Aluminum-26 in H4 chondrites:: Implications for its production and its usefulness as a fine-scale chronometer for early solar system events

In order to investigate whether or not Al-26 can be used as a fine-scale chronometer for early solar system events we measured, with an ion microprobe, Mg isotopes and Al/Mg ratios in separated plagioclase, olivine, and pyroxene crystals from the H4 chondrites Ste Marguerite (SM), Forest Vale (FV), Beaver Creek and Quenggouk and compared the results with the canonical Al-26/Al-27 ratio for calcium-aluminum-rich inclusions (CAIs). For SM and FV, Pb/Pb and Mn-Cr ages have previously been determined (Gopel et al., 1994; Polnau et al., 2000; Polnau and Lugmair, 2001).

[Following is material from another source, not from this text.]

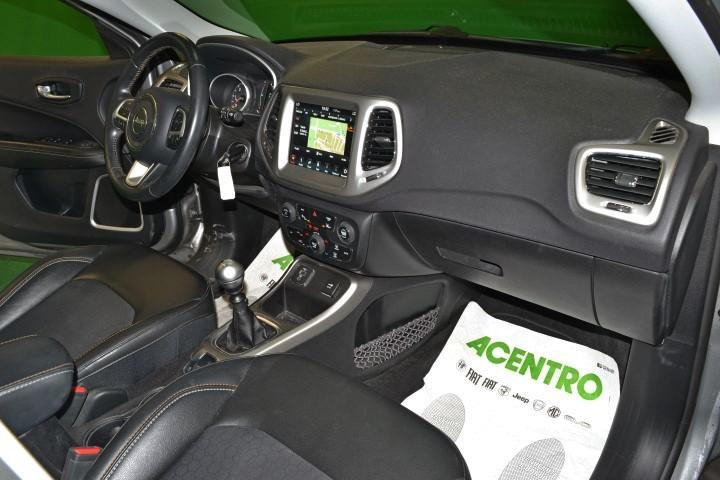 JEEP COMPASS - Compass Serie 2 Business 1.6 Multijet Ii 120cv 2wd Mt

Plagioclase grains from these two meteorites show clear excesses of Mg-26. The Al-26/Al-27 ratios inferred from these excesses and from isotopically normal Mg in pyroxene and olivine are (2.87 +/- 0.64) x 10(-7) for SM and (1.52 +/- 0.52) x 10(-7) for FV The differences between these ratios and the ratio of 5 x 10(-5) in CAIs indicate time differences of 5.4 +/- 0.1 Ma and 6.1 +/- 0.2 Ma for SM and FV, respectively. These differences are in agreement with the absolute Pb/Pb ages for CAN and SM and FV phosphates but there are large discrepancies between the U-Pb and Mn-Cr system for the relative ages for CAIs, SM and FV For example, Mn-Cr ages of carbonates from Kaidun are older than the Pb/Pb age of CAIs. However, even if we require that CAIs are older than these carbonates, the time difference between this "adjusted" CAI age and the Mn-Cr ages of SM and FV require that Al-26 was widely distributed in the early solar system at the time of CAI formation and was not mostly present in CAIs, a feature of the X-wind model proposed by Shu and collaborators (Gounelle et al., 2001; Shu et al., 2001). From this we conclude that there was enough Al-26 to melt small planetary bodies as long as they formed within 2 Ma of CAIs, and that Al-26 can serve as a fine-scale chronometer for early solar system events.